▼

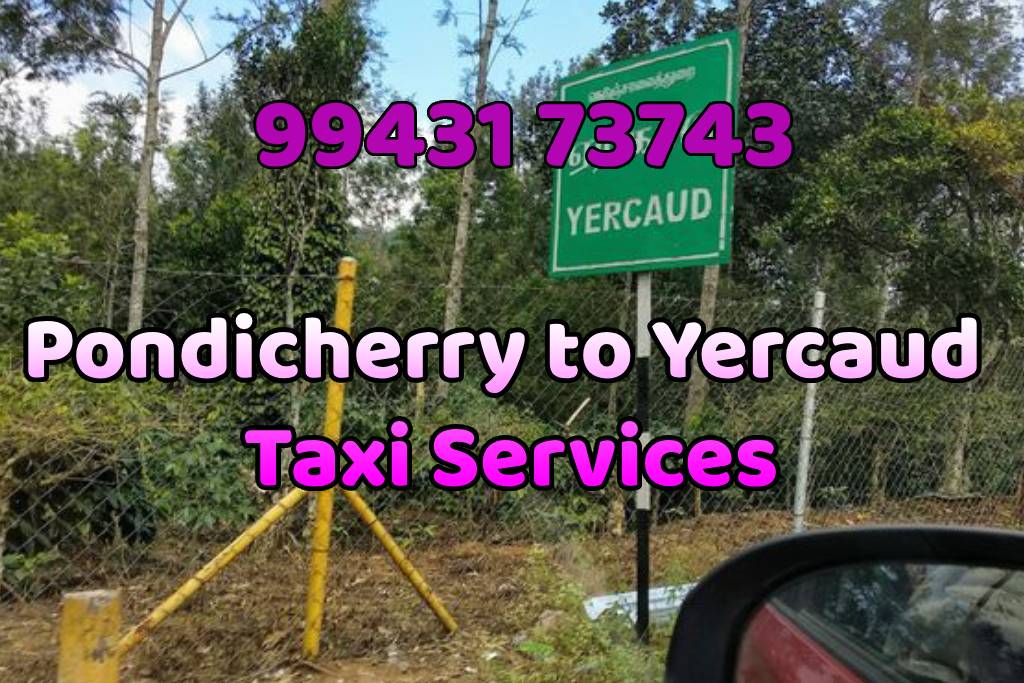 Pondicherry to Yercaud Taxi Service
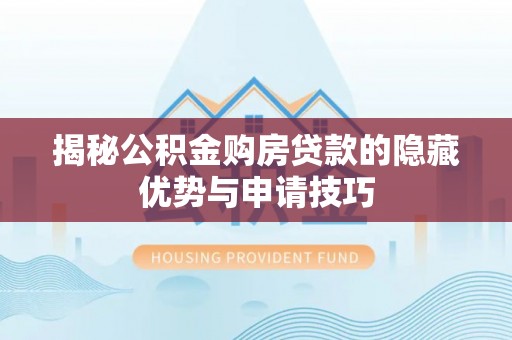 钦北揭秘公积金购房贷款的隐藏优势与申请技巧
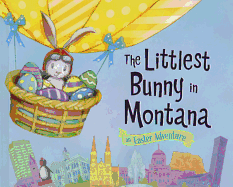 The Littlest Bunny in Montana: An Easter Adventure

▲
▼

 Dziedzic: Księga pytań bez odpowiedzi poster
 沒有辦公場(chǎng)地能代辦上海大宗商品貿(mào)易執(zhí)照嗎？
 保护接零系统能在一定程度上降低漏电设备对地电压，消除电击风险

▲

- [TASK]:
Where a picture appears in the records above, omit it, and transcribe exactly the stretch of lines from the one with "Pondicherry to Yercaud Taxi Service" through the one with "The Littlest Bunny".

- [OUTPUT OF THE TASK]:
 Pondicherry to Yercaud Taxi Service
 钦北揭秘公积金购房贷款的隐藏优势与申请技巧
 The Littlest Bunny in Montana: An Easter Adventure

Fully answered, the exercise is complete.